- Dataset section -

+ + +

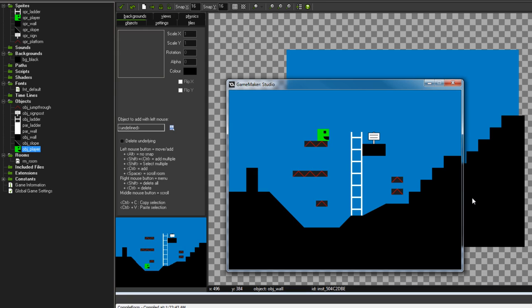So yeah, that's the basics of how to set up jump-through platforms. I hope you guys enjoyed that. I hope you found it useful, and I'll catch you guys next time. Cheers guys.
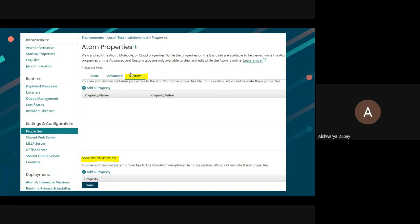The custom tab is only available for any atom molecule or an atom private cloud. It is not available for account properties. The tab is usually used for adding custom properties.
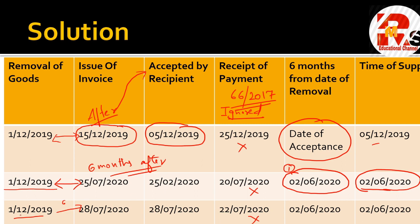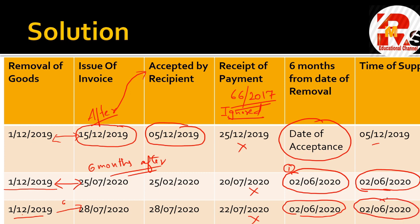Is case mein bhi waise hi karna hai - 1st December se aage 6 months jaana hai, so the column is 2nd June 2020. Again, the time of supply is 2nd June 2020. This is the variety when goods are sent on approval basis. The most important point to remember is that receipt of payment should be ignored as per Notification 66 of 2017.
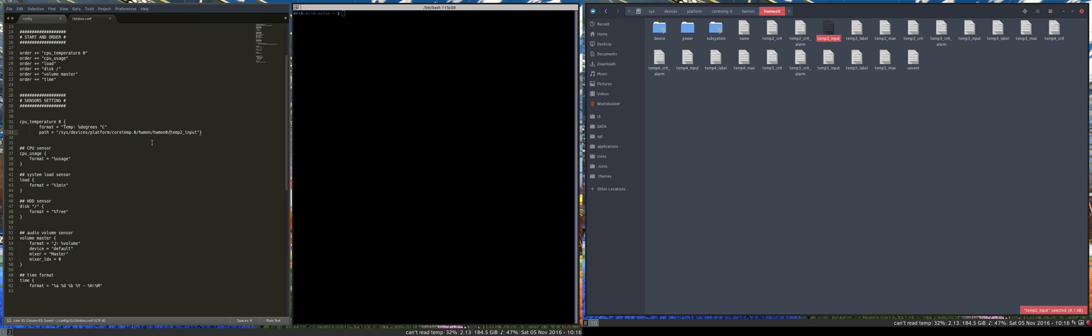All right. Rechecking. Don't want to have mistakes. Fix. Okay. Temp2 input. Okay. Save.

+ + +

- What needs to be done -
Apart from the pictures, every line of the data above should be given again exactly.

- Task output -
So yeah, that's the basics of how to set up jump-through platforms. I hope you guys enjoyed that. I hope you found it useful, and I'll catch you guys next time. Cheers guys.
The custom tab is only available for any atom molecule or an atom private cloud. It is not available for account properties. The tab is usually used for adding custom properties.
Is case mein bhi waise hi karna hai - 1st December se aage 6 months jaana hai, so the column is 2nd June 2020. Again, the time of supply is 2nd June 2020. This is the variety when goods are sent on approval basis. The most important point to remember is that receipt of payment should be ignored as per Notification 66 of 2017.
All right. Rechecking. Don't want to have mistakes. Fix. Okay. Temp2 input. Okay. Save.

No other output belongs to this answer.